(Given records begins)

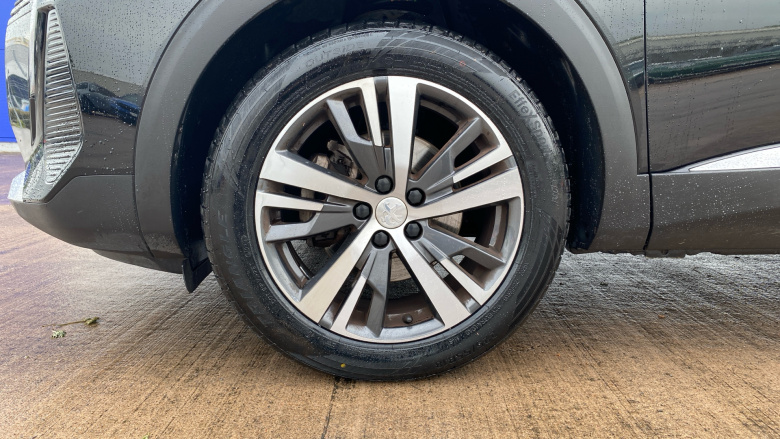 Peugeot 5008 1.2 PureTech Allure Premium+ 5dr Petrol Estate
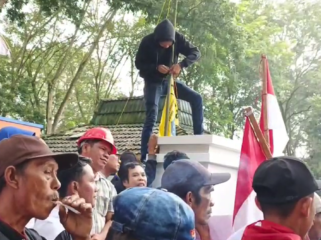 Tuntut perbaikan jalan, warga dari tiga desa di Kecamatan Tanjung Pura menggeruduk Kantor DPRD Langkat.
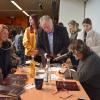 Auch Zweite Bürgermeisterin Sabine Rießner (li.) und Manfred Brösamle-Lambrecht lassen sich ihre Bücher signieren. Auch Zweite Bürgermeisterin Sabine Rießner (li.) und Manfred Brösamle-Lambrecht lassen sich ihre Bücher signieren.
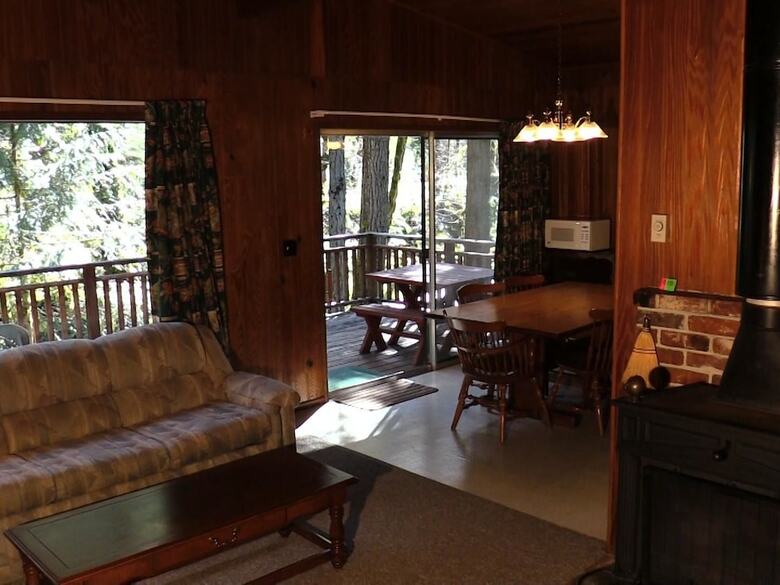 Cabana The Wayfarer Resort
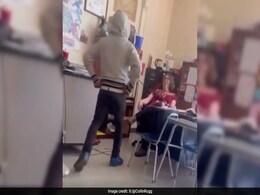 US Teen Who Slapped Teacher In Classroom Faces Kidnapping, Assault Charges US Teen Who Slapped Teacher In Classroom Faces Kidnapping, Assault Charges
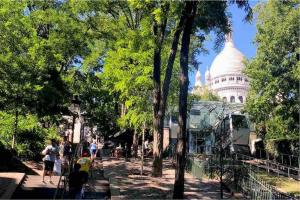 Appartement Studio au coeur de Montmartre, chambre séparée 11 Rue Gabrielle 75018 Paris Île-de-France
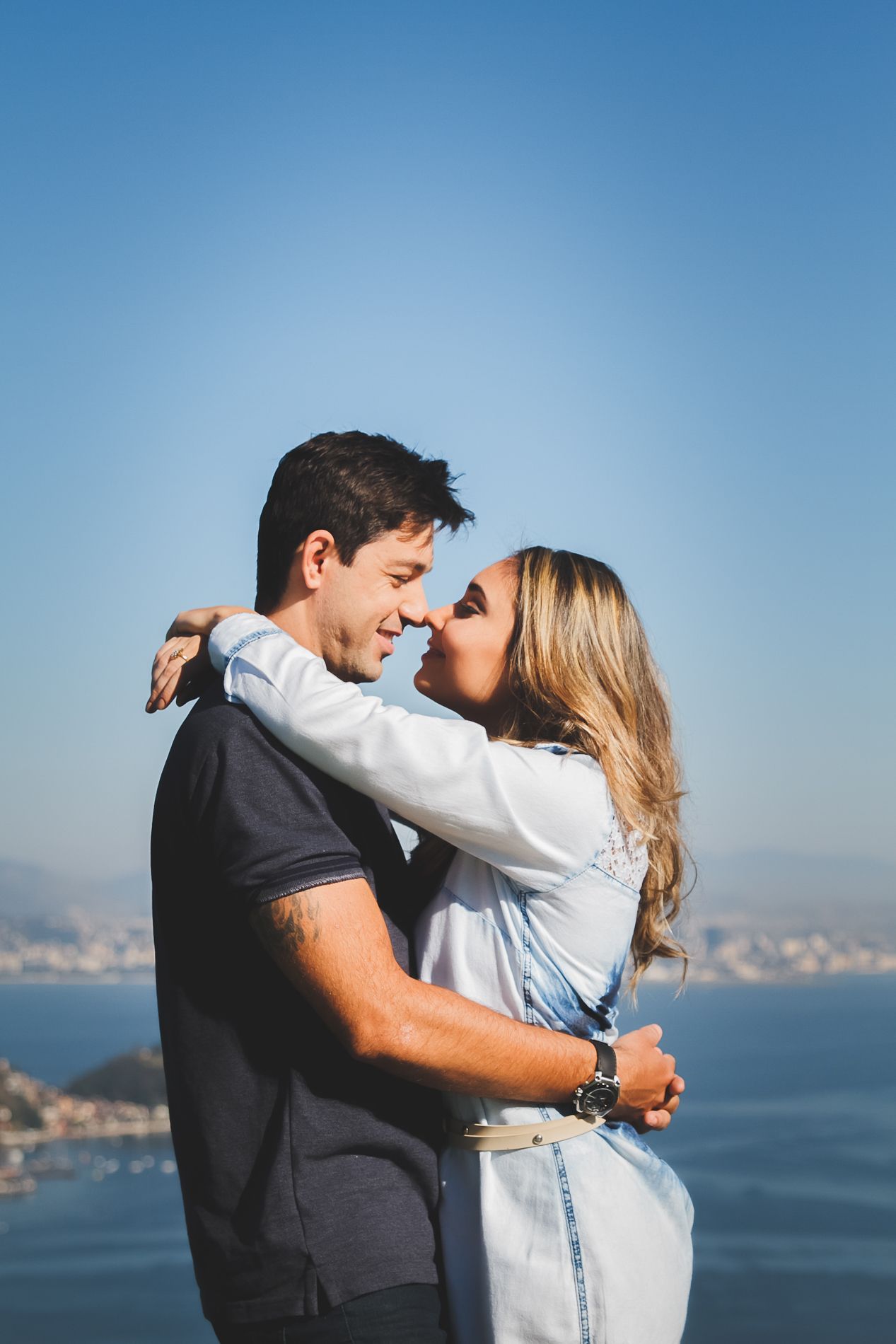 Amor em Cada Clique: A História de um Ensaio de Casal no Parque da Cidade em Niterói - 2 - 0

(Given records ends)
(Given records begins)

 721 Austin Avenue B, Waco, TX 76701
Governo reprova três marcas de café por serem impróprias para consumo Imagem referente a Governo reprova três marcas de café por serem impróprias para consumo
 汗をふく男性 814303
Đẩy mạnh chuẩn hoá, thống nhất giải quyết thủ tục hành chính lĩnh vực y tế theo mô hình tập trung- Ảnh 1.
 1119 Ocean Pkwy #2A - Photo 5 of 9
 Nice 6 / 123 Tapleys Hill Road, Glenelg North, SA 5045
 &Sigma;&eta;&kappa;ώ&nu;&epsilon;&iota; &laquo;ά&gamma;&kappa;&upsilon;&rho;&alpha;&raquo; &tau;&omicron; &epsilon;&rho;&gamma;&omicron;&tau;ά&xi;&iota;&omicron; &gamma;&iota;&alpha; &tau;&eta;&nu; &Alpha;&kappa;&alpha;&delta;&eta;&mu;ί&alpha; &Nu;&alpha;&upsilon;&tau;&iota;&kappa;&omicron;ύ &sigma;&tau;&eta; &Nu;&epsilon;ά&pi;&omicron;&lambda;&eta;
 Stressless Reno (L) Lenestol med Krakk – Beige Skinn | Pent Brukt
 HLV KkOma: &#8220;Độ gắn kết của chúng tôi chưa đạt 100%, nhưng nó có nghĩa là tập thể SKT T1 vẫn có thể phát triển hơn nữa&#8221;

(Given records ends)

— Try it —
An exact transcription is needed of the lines from the one with "Peugeot 5008 1.2" to the one with "Tuntut perbaikan jalan, warga" above, both ends included, with pictures left out.

— Answer —
 Peugeot 5008 1.2 PureTech Allure Premium+ 5dr Petrol Estate
 Tuntut perbaikan jalan, warga dari tiga desa di Kecamatan Tanjung Pura menggeruduk Kantor DPRD Langkat.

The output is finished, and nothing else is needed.